• **Work to complete**
Write out all of the records precisely. Skip anything that is a picture.

• **Information**
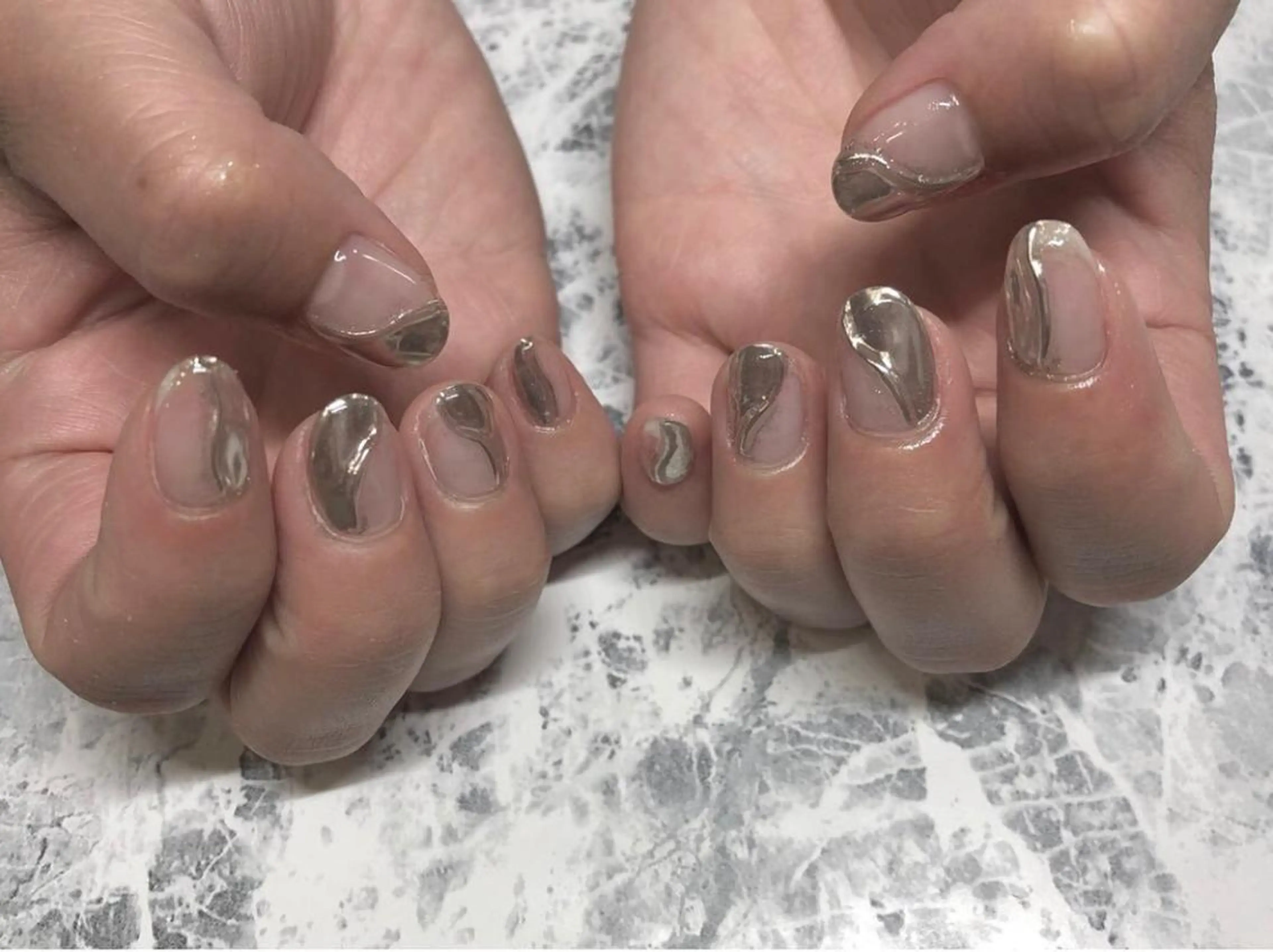 ネイル 持ち込み シルバー ハンドネイル パラあり！フィルイン 美フォルムのネイルデザイン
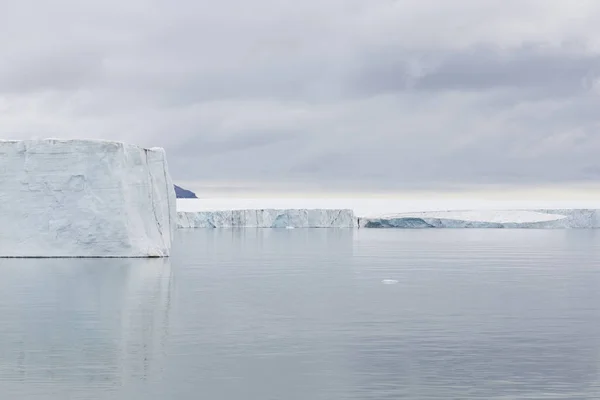 Ledovce plave v polárním moři Špicberky, Špicberky, Norsko — Stock fotografie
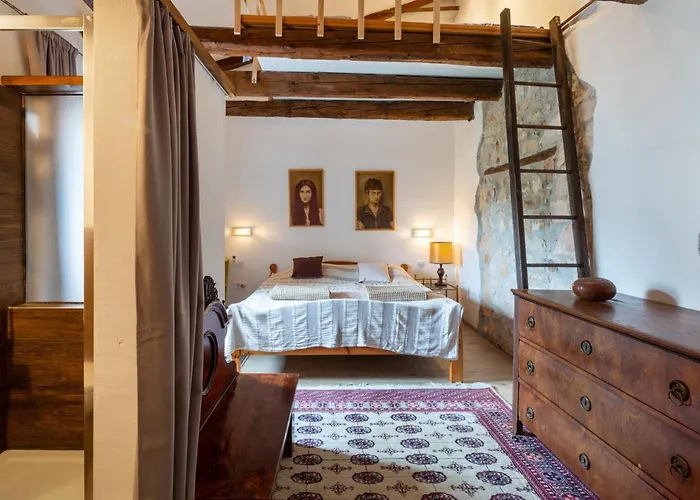 2 Bedroom Cozy In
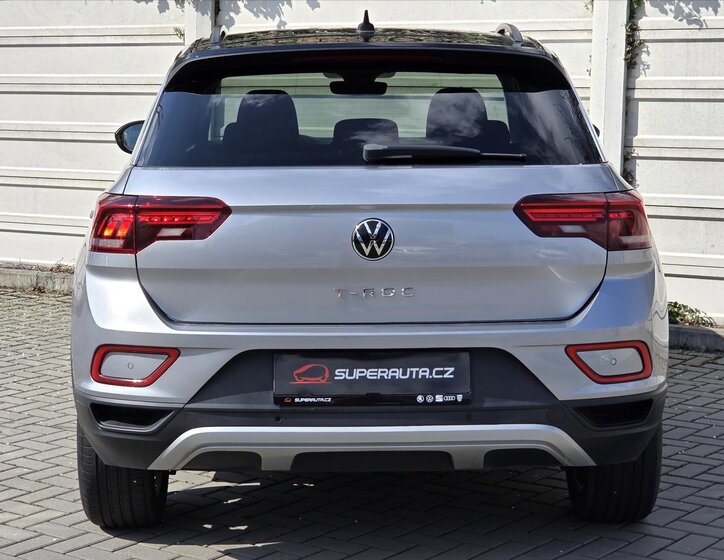 Volkswagen T-Roc SUV / Terénní 1,5 l 110 kw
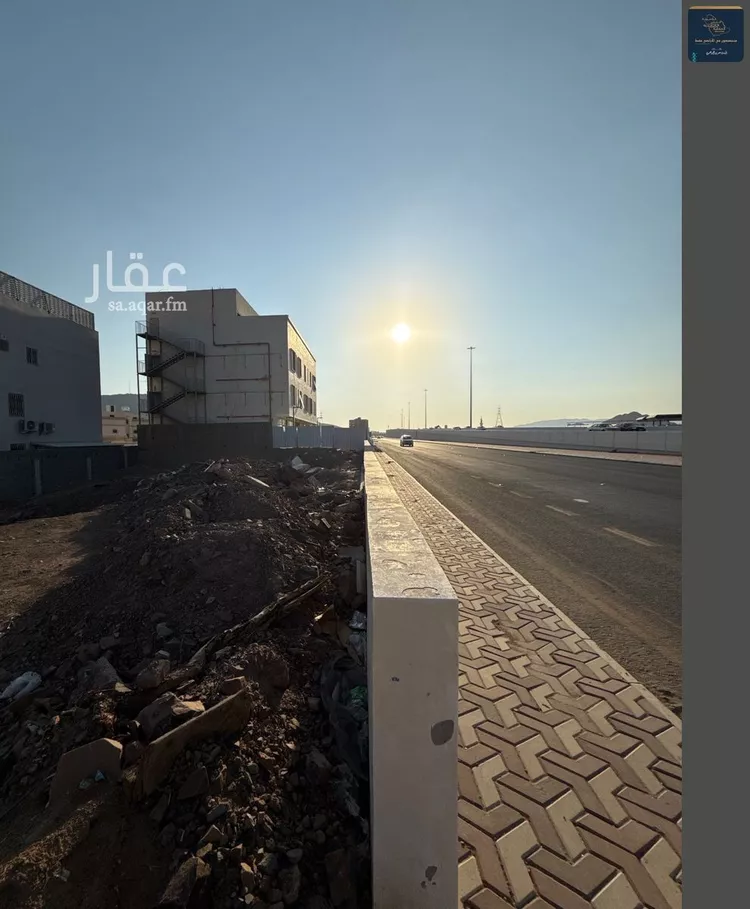 أرض للبيع في شارع طريق الهجرة, حي أبوبريقاء, مدينة المدينة المنورة, منطقة المدينة المنورة 9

• **Solution to this exercise**
 ネイル 持ち込み シルバー ハンドネイル パラあり！フィルイン 美フォルムのネイルデザイン
 Ledovce plave v polárním moři Špicberky, Špicberky, Norsko — Stock fotografie
 2 Bedroom Cozy In
 Volkswagen T-Roc SUV / Terénní 1,5 l 110 kw
 أرض للبيع في شارع طريق الهجرة, حي أبوبريقاء, مدينة المدينة المنورة, منطقة المدينة المنورة 9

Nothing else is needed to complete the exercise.